Macroeconomic forecasting through news, emotions and narrative
- URL: http://arxiv.org/abs/2009.14281v2
- Date: Wed, 14 Apr 2021 10:04:09 GMT
- Title: Macroeconomic forecasting through news, emotions and narrative
- Authors: Sonja Tilly, Markus Ebner, Giacomo Livan
- Abstract summary: This study expands the existing body of research by incorporating a wide array of emotions from newspapers around the world into macroeconomic forecasts.
We model industrial production and consumer prices across a diverse range of economies using an autoregressive framework.
We find that emotions associated with happiness and anger have the strongest predictive power for the variables we predict.
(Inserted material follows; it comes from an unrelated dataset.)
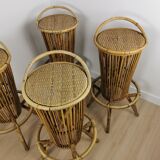 Rattan bar stools 60s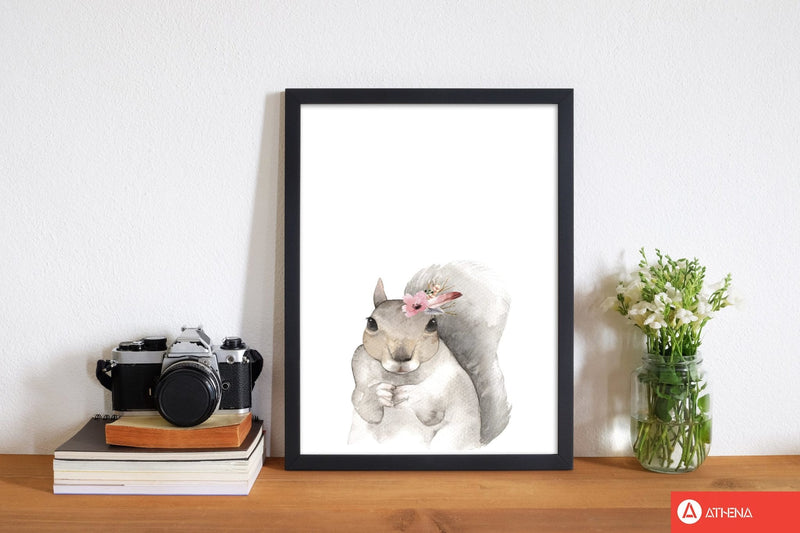 Forest friends, floral cute squirrel modern fine art print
- Score: 12.762298148425796
- License: http://arxiv.org/licenses/nonexclusive-distrib/1.0/
- Abstract: This study proposes a new method of incorporating emotions from newspaper
articles into macroeconomic forecasts, attempting to forecast industrial
production and consumer prices leveraging narrative and sentiment from global
newspapers. For the most part, existing research includes positive and negative
tone only to improve macroeconomic forecasts, focusing predominantly on large
economies such as the US. These works use mainly anglophone sources of
narrative, thus not capturing the entire complexity of the multitude of
emotions contained in global news articles. This study expands the existing
body of research by incorporating a wide array of emotions from newspapers
around the world - extracted from the Global Database of Events, Language and
Tone (GDELT) - into macroeconomic forecasts. We present a thematic data
filtering methodology based on a bi-directional long short term memory neural
network (Bi-LSTM) for extracting emotion scores from GDELT and demonstrate its
effectiveness by comparing results for filtered and unfiltered data. We model
industrial production and consumer prices across a diverse range of economies
using an autoregressive framework, and find that including emotions from global
newspapers significantly improves forecasts compared to three autoregressive
benchmark models. We complement our forecasts with an interpretability analysis
on distinct groups of emotions and find that emotions associated with happiness
and anger have the strongest predictive power for the variables we predict.